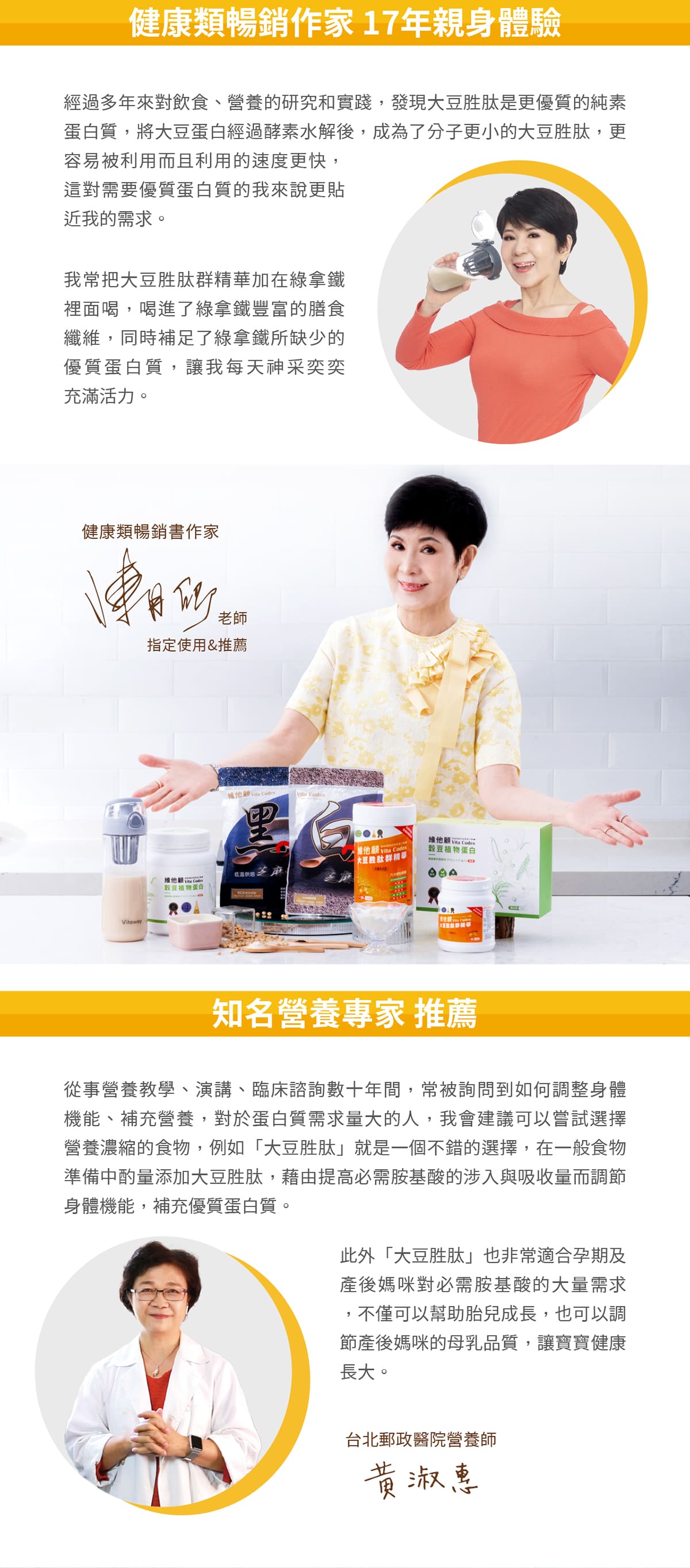 vitacodes-維他顧-大豆胜肽-陳月卿-養生達人-推薦-優質植物性-蛋白質-肌少症-大豆-黃豆-玉山獎-國家人氣品牌獎-金項獎-雙A認證-AA認證-台灣清真產業品質保證推廣協會認證-國家品牌金牌獎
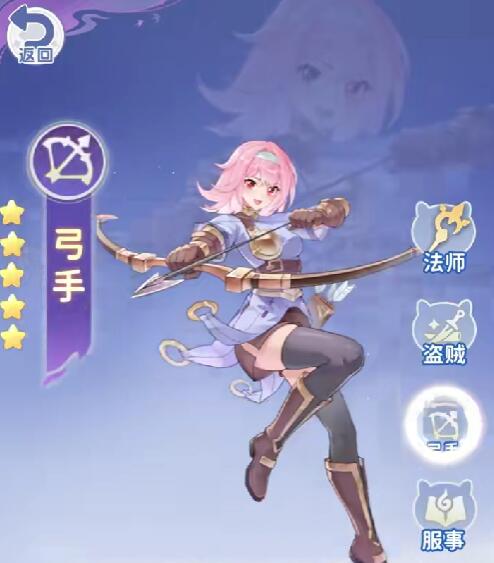 仙境传说破晓什么职业好4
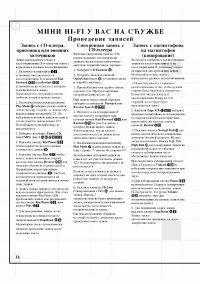 Страница 16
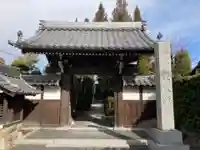 正塔院の山門・神門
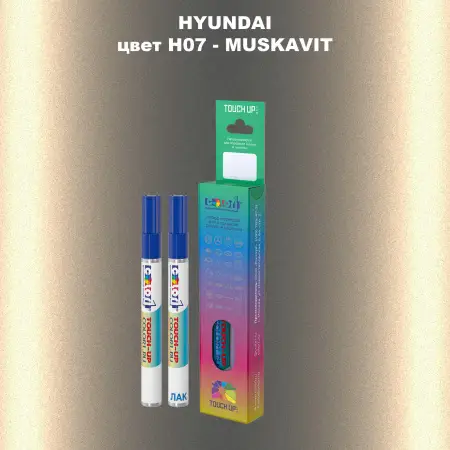 Маркер с краской HYUNDAI, цвет H07 - MUSKAVIT
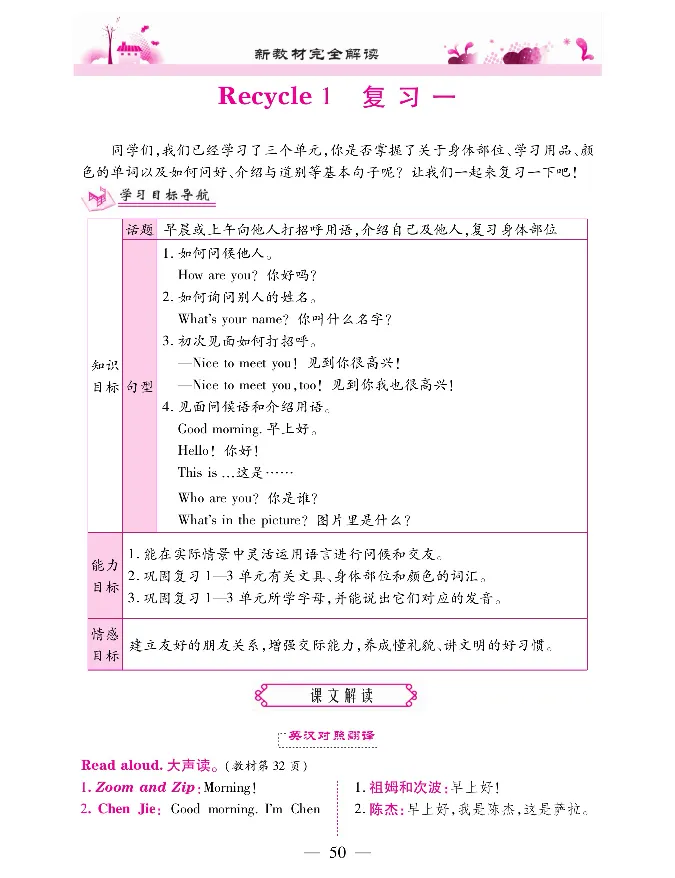 新教材完全解读人教pep英语3年级上_《教材全解》小学1-6年级_《新教材完全解读》_小学英语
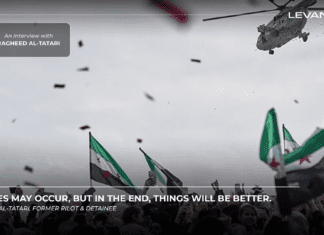 From Cockpit to Cell: The Story of Ragheed al-Tatari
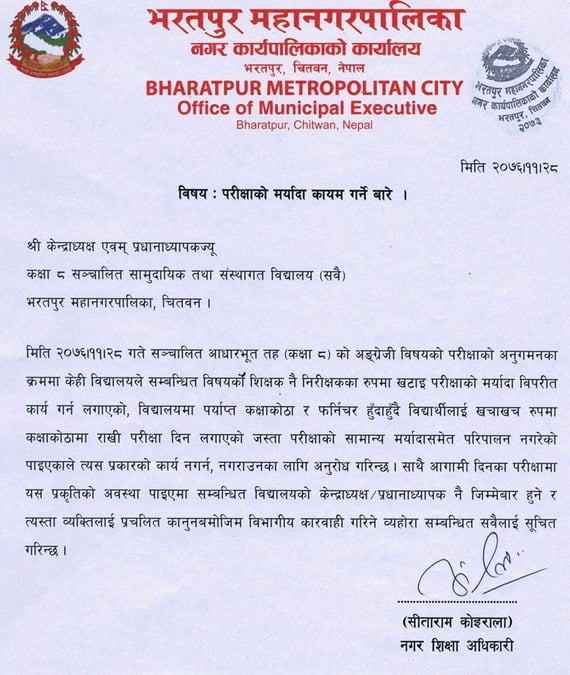 भरतपुरमा मर्यादा विपरीत परीक्षा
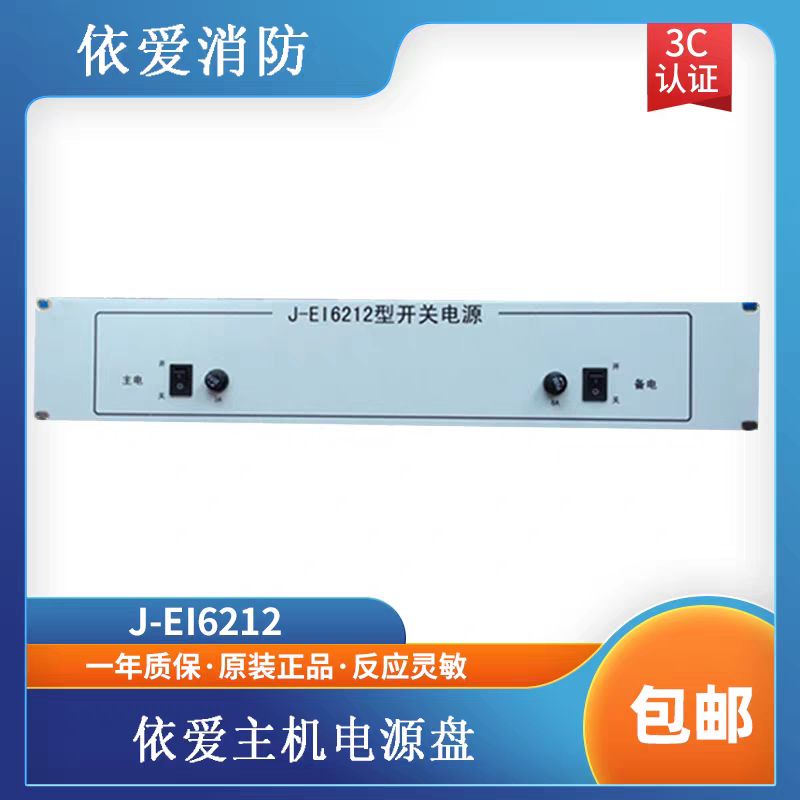 依爱电源盘J-EI6212型开关电源2000G6000G主机电源依爱电源盘 - 实物图
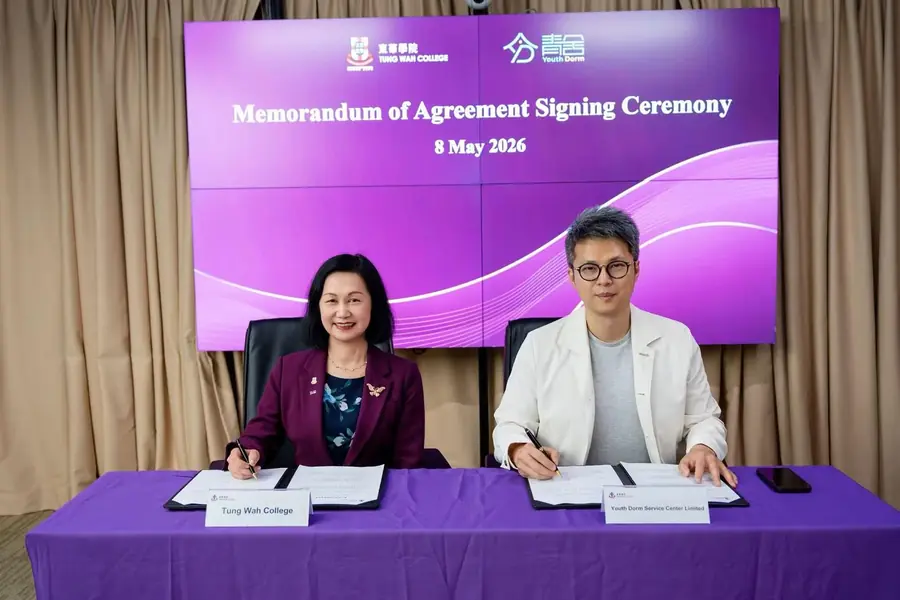Professor Sally Chan, President of Tung Wah College, and Raymond Lam, Founder of Youth Dorm, seated at the signing table during the Memorandum of Agreement signing ceremony, 8 May 2026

Task to complete:
The line containing "भरतपुरमा मर्यादा विपरीत परीक्षा" marks the start: set down exactly that line and every line after it through the last line of the data, without any pictures.

Exercise answer:
 भरतपुरमा मर्यादा विपरीत परीक्षा
 依爱电源盘J-EI6212型开关电源2000G6000G主机电源依爱电源盘 - 实物图
Professor Sally Chan, President of Tung Wah College, and Raymond Lam, Founder of Youth Dorm, seated at the signing table during the Memorandum of Agreement signing ceremony, 8 May 2026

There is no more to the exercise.